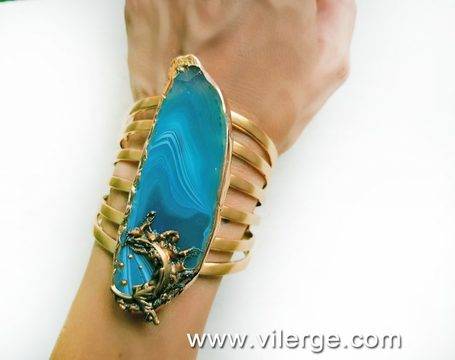 Златна серия бижута и гривни за ЕСЕН 2018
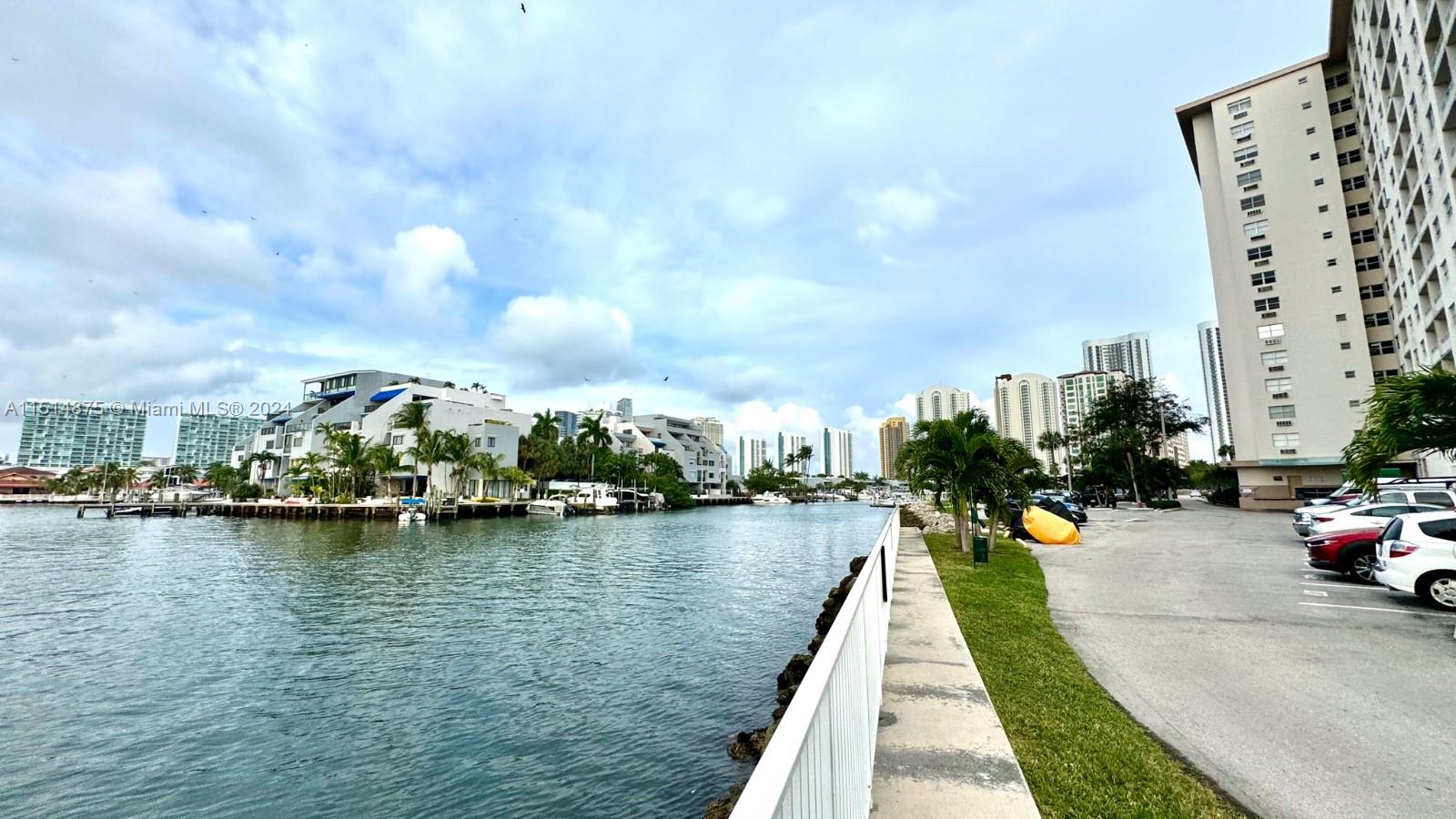 400 Kings Point Dr 1222, Sunny Isles Beach, Florida 33160, 1 Bedroom Bedrooms, ,1 BathroomBathrooms,Residential,For Sale,400 Kings Point Dr 1222,A11514875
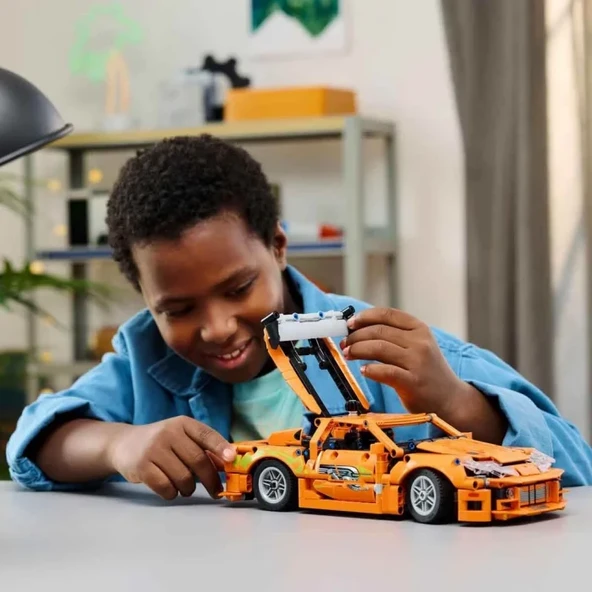 PTTAVM: LEGO Technic Fast and Furious Toyota Supra MK4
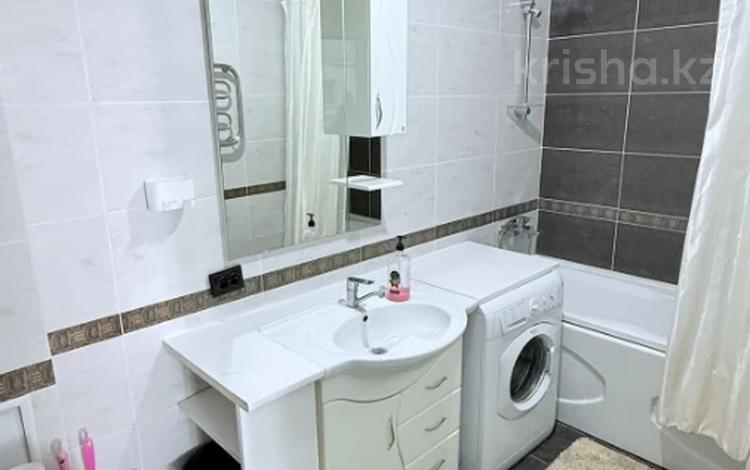 2-бөлмелі пәтер · 56.9 м² · 17/24 қабат, Сарайшык 5 Б — В р-не. Гимназия № 17., бағасы: 35 млн ₸ в Астане, Есильский р-н — фото 2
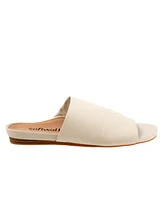 Softwalk Camano Sandal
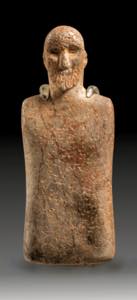 Mumienhaftes flaches Idol. Grauer Stein, ... 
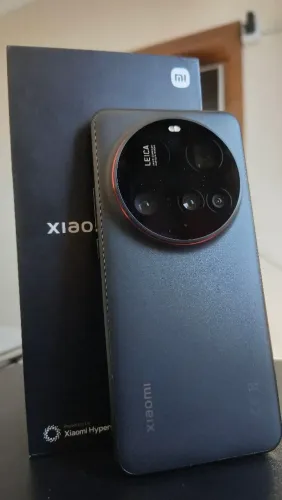 Xiaomi 15 Ultra impecável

────────────────────────────────────────

→ **TASK DESCRIPTION**: Retype the records above exactly, and keep any picture out of what you write.

→ **EXERCISE OUTPUT**:
 Златна серия бижута и гривни за ЕСЕН 2018
 400 Kings Point Dr 1222, Sunny Isles Beach, Florida 33160, 1 Bedroom Bedrooms, ,1 BathroomBathrooms,Residential,For Sale,400 Kings Point Dr 1222,A11514875
 PTTAVM: LEGO Technic Fast and Furious Toyota Supra MK4
 2-бөлмелі пәтер · 56.9 м² · 17/24 қабат, Сарайшык 5 Б — В р-не. Гимназия № 17., бағасы: 35 млн ₸ в Астане, Есильский р-н — фото 2
 Softwalk Camano Sandal
 Mumienhaftes flaches Idol. Grauer Stein, ... 
 Xiaomi 15 Ultra impecável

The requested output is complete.